19 July 2017Lizl Budhram, Old Mutual
Lizl Budhram, Head of Advice at Old Mutual Personal Finance.

Lizl Budhram, Head of Advice at Old Mutual Personal Finance.

New generation of consumers demand customer-focused approach.

The increasing pace at which new technology is being developed and adopted, coupled with changing market forces and regulatory shifts, are placing well-informed consumers at the centre of an increasingly digitalised, delocalised and personalised financial advisory landscape.

Lizl Budhram, Head of Advice at Old Mutual Personal Finance, says that this rise in consumer centricity has brought about a fundamental shift to a decades-old traditional business model that was built to support a focus on products, mass standardisation and operational efficiency.

General demographic shifts are a major driver of the changing consumer profile, says Budhram. “While the majority of investable assets are still held by baby boomers – those born roughly between 1940 and 1960 – the millennial generation represents an ever-increasing proportion of consumers.
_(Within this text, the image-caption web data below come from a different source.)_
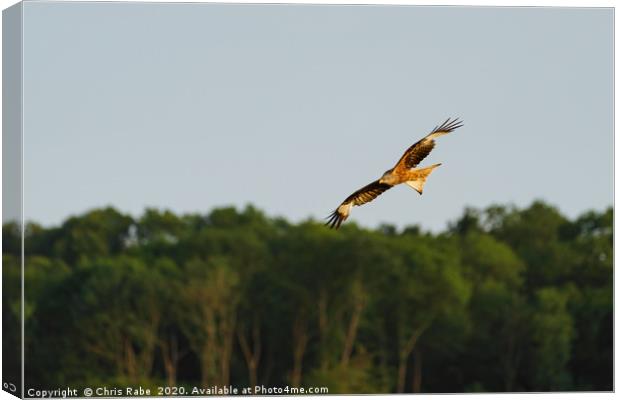 Red Kite in the chilterns Canvas Print by Chris Rabe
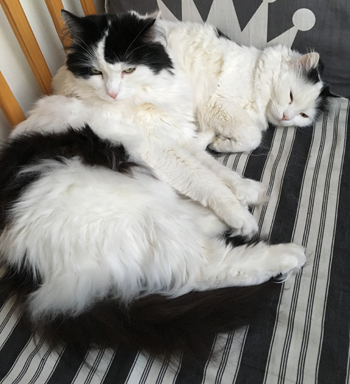 Lucifer och Citrus på kökssoffan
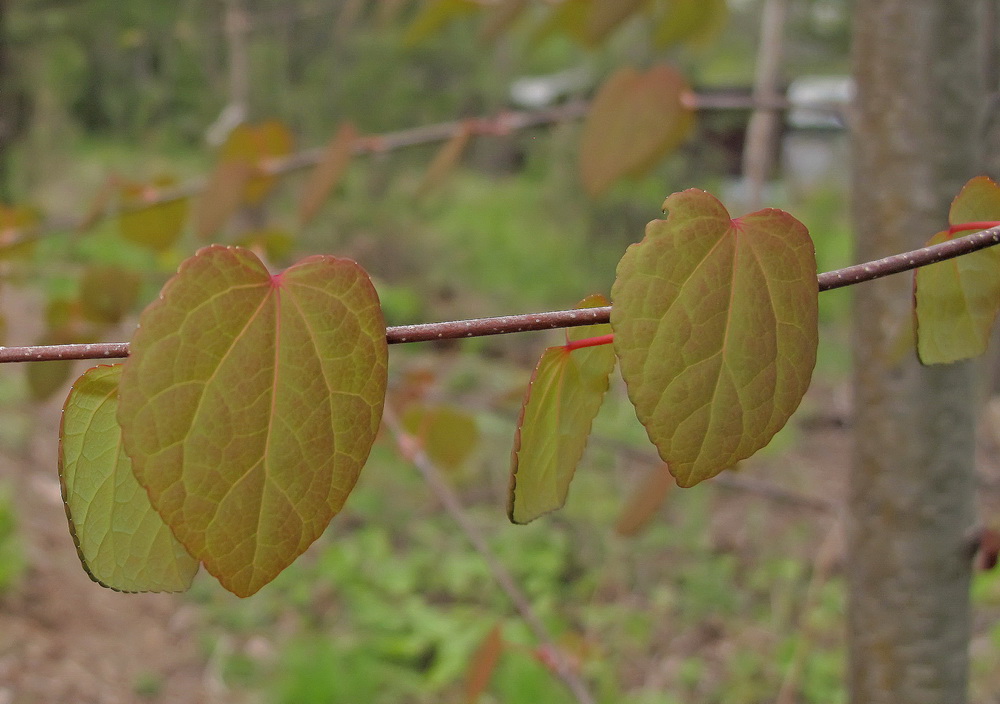 Image of Cercidiphyllum japonicum specimen.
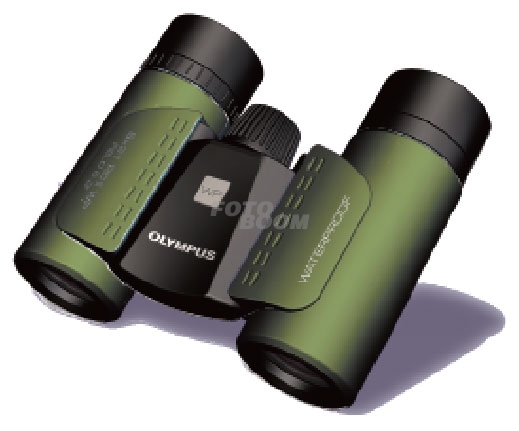 10x21 RCII WP Verde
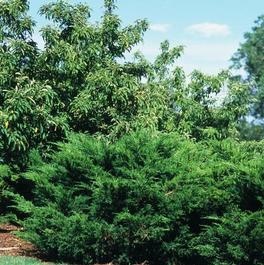Juniperus chinensis 'Sea Green' Juniperus chinensis 'Sea Green'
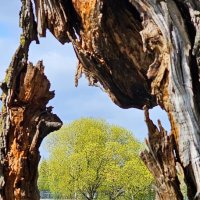 Весна в Петропавловском парке. :: Михаил Свиденцов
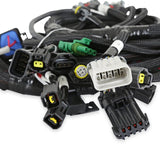 Holley 558-113 Ford Modular 2V and 4V Main Harness for use with Smart Coils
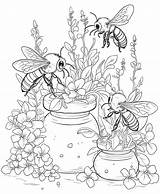 Bee With Flowers coloring Page For Adults 26733070 Vector Art At Vecteezy sketch template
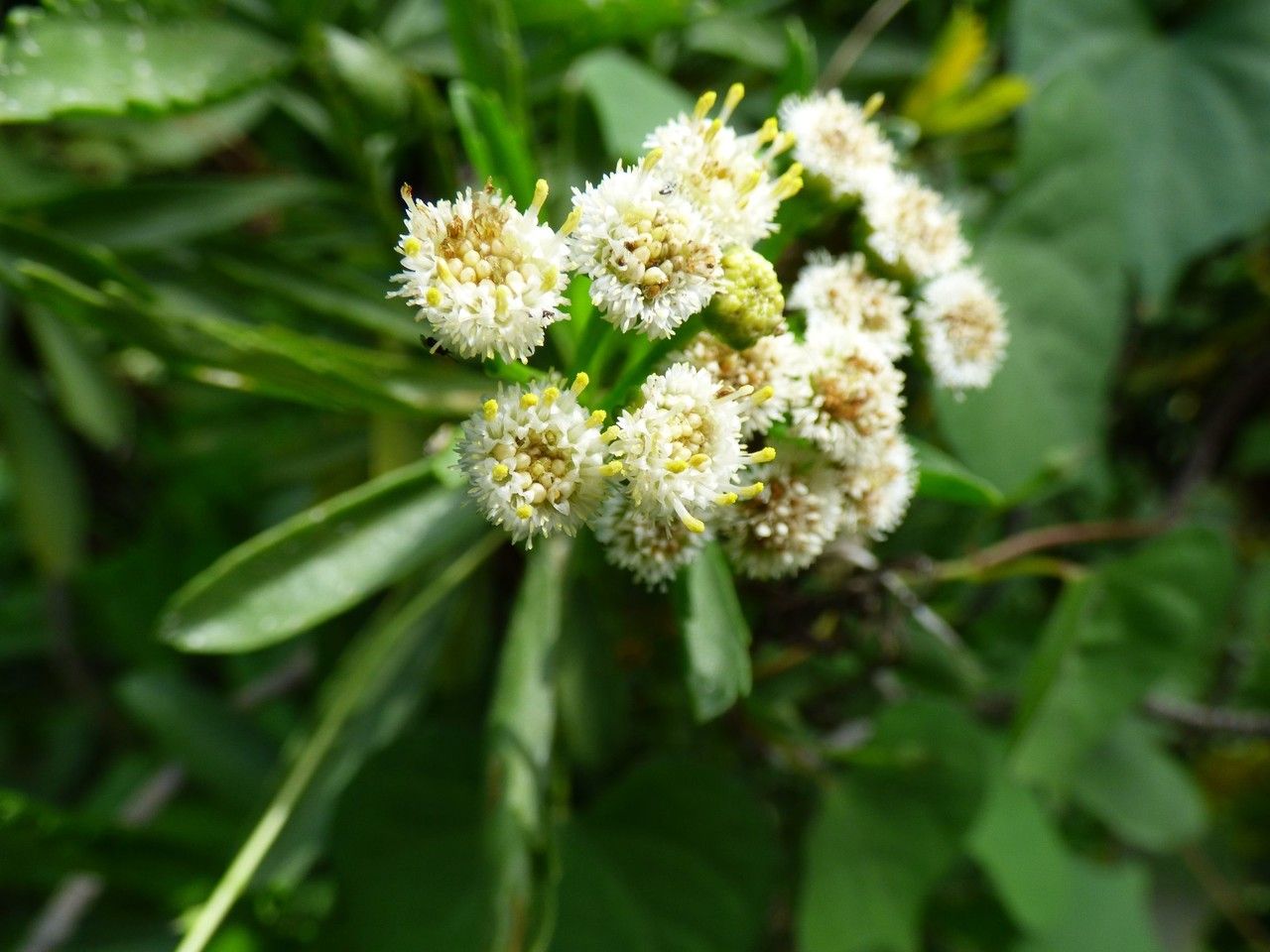Psiadia retusa flower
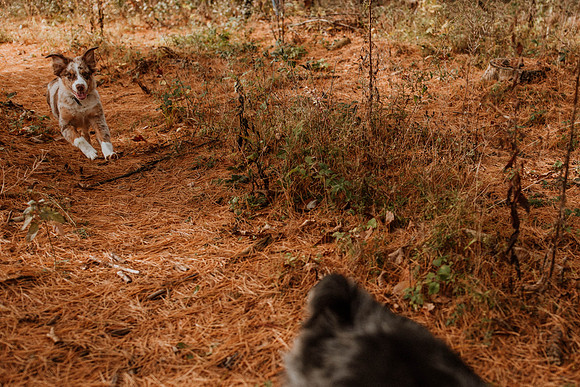 Ashley-Wyatt-Dogs-1023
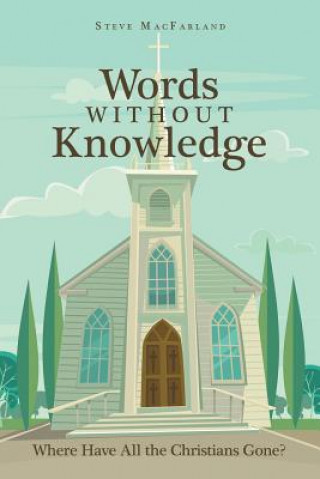 Kniha Words Without Knowledge STEVE MACFARLAND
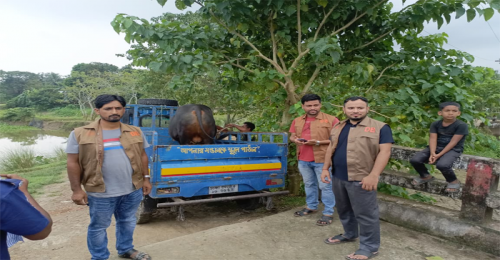 মদনে জুয়া খেলা থেকে ষাঁড় আটক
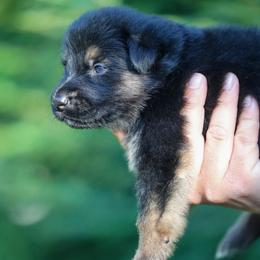 Blue Collar - Black and tan male German Shepherd puppy in Prospect, Connecticut from Di Massimo Canile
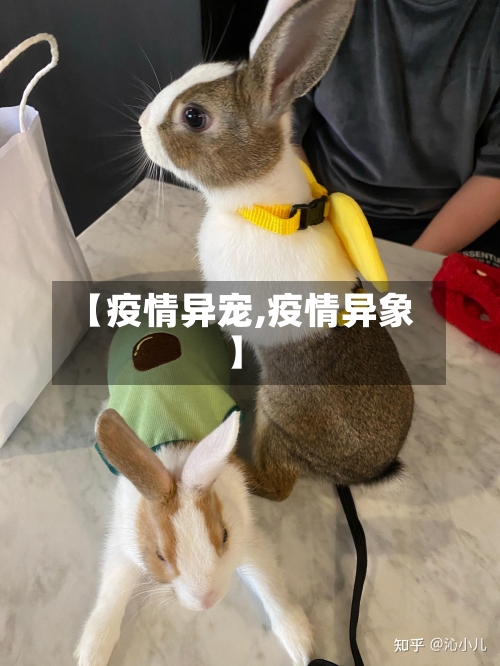 【疫情异宠,疫情异象】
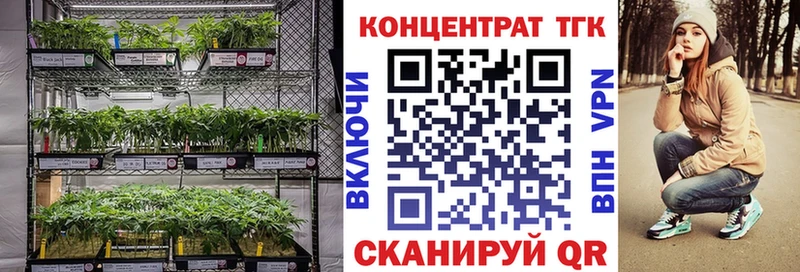 купить Белинский нарко площадка Telegram ТГК THC oil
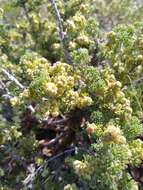 Image of bud sagebrush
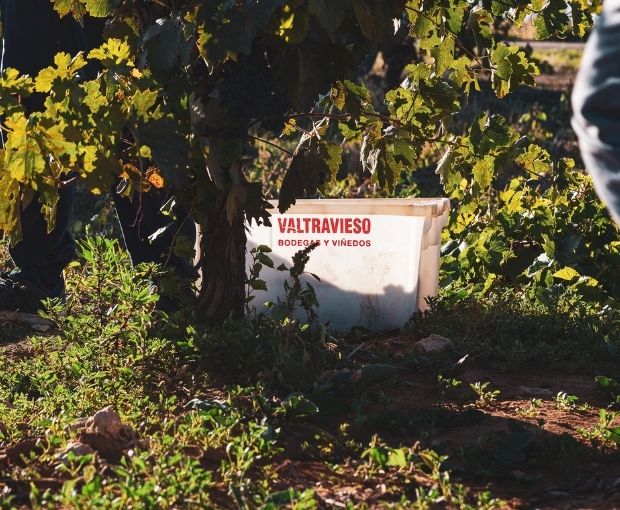 Valdelobas D.O. Ribera del Duero 2021, Valtravieso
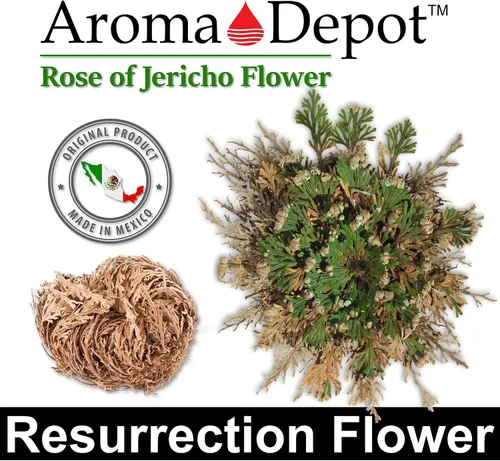Vista 6 de ONE - Flor de Jericó Flor de Jericó - Planta de Resurrección Selaginella Lepidophylla Rosa Seca I Rosa Sagrada I Planta Doradilla 2.5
Having grown up with the internet, millennials have different expectations regarding service delivery and demand consistency in customer experience across all touch points, whether retail, financial services or entertainment.”

Increasing smartphone penetration in South Africa has been a crucial driver of this trend, Budhram adds. “The majority (92%) of South Africa’s adult population now own a mobile phone, and 60% of these phones are smartphones, providing more widespread access to the internet. Today, close to 50% of South Africa’s total population (26.84 million representing 49%) are considered active internet users.”

Budhram says that this change in the consumer landscape means traditional advisory practices are challenged to respond to a growing local market that demands customer-driven, personalised engagement, innovative products, simplification, and transparency.

While financial planning used to be mostly one-dimensional and focused on specific needs, the changing needs of consumers have led to a more holistic service.

And gone are the days of being in one steady-paced job for your whole professional life, she adds. “Switching jobs and careers have become an accepted part of a healthy career, and as millennials evolve and move through the various stages of their professional life, their financial plan should be adapted accordingly.

“Let’s take, for example, an individual who has recently left their job to pursue their dream of becoming an entrepreneur. Such a life change would call for a significant financial plan review to ensure that their cover and policies suit their new financial realities. The advice needs to be tailored and responsive to the service expectations of a millennial consumer.”

The Financial Services Board is currently taking the steps required to regulate the new financial planning environment, which has resulted in the imminent implementation of the Retail Distribution Review (RDR). “At its core, RDR is focused on improving service levels and transparency to better align the interests of financial advisers and their clients.”

Budhram concludes that she expects the rise of the empowered, informed consumer to continue, especially as technology advances and the millennial customers and the assets they hold expand over time. “The challenge for us, as insurers and financial service providers, will be to continue our customer-centric approach and provide a tailored and interactive experience with maximum transparency.”